University of Oxford
The New Error Theory
24 March 2017, 16:00
Faculdade de Letras de Lisboa
Sala Mattos Romão (Departamento de Filosofia)
Abstract: An error theory for some particular expression holds that its semantics is truth-conditional and it is used in non-fictional assertoric judgments, but these systematically fail to be true. Most well-known cases are moral error theories, which hold that judgments like “Murder is wrong” can’t be true because the world doesn’t instantiate the property the moral expression attributes. Such error theories are normally defended for judgments which exhibit a clash between what speakers intend to talk about and which properties the world has.
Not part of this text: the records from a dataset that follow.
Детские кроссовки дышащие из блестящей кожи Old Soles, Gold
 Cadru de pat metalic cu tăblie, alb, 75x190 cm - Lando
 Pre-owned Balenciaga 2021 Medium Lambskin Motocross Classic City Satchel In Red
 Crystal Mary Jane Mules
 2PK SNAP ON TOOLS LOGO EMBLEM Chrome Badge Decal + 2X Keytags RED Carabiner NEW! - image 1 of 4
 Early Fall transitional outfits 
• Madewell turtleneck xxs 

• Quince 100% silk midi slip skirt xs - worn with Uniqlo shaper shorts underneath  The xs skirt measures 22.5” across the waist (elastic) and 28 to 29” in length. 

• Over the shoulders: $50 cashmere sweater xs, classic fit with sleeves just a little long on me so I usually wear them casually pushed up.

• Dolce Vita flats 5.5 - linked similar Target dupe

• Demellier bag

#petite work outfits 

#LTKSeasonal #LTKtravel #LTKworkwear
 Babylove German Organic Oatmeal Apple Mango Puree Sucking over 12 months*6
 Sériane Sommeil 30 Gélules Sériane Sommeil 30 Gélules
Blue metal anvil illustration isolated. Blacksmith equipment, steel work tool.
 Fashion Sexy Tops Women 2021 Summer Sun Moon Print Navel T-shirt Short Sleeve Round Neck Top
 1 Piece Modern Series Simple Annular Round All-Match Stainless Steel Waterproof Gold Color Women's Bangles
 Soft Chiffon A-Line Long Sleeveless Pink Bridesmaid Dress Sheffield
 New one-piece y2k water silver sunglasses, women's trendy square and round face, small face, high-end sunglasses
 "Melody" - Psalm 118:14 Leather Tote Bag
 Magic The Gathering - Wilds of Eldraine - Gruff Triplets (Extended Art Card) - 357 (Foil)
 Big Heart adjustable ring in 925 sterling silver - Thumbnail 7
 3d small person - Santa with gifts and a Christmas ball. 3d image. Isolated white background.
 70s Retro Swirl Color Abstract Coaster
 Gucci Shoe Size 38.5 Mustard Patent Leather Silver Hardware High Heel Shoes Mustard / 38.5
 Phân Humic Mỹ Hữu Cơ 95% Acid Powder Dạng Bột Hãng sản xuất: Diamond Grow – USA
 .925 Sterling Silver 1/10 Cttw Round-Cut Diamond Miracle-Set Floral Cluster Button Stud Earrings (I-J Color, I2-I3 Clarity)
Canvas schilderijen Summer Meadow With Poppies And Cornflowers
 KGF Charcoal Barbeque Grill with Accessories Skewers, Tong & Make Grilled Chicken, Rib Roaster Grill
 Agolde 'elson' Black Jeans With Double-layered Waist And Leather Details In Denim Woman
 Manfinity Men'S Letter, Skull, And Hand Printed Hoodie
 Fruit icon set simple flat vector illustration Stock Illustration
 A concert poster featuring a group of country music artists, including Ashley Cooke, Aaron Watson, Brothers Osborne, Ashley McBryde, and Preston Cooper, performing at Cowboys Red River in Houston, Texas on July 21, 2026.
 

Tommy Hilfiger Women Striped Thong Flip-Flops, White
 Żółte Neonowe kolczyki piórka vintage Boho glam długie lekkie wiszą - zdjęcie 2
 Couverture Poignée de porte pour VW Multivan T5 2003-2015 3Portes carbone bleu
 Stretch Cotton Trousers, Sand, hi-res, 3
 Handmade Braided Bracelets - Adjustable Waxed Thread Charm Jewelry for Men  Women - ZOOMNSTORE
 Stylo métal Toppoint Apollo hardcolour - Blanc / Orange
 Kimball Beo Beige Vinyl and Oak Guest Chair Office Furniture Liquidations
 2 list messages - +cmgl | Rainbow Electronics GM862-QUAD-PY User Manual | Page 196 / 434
Let us call the view “the traditional error theory”. The debates on the semantics of knowledge claims and judgments of taste among others have brought up another way in which speakers might be in error: they might be mistaken about what certain expressions or judgments mean or what their truth- conditions are, a phenomenon known as “semantic blindness”. Let us call the view “the new error theory”. Under certain plausible assumptions judgments of taste, aesthetics, colour, morality and knowledge claims are candidates for either a traditional or new error theory. Roughly the assumptions are that those are relational phenomena but people don’t take them to be relational. We’ll presuppose this for the sake of the argument. This talk has two aims. The first is to discuss the metasemantic commitments that lead to the two kinds of error theories. The second is to argue for a particular externalist metasemantics which will tip the balance in favour of the new error theory for these expressions.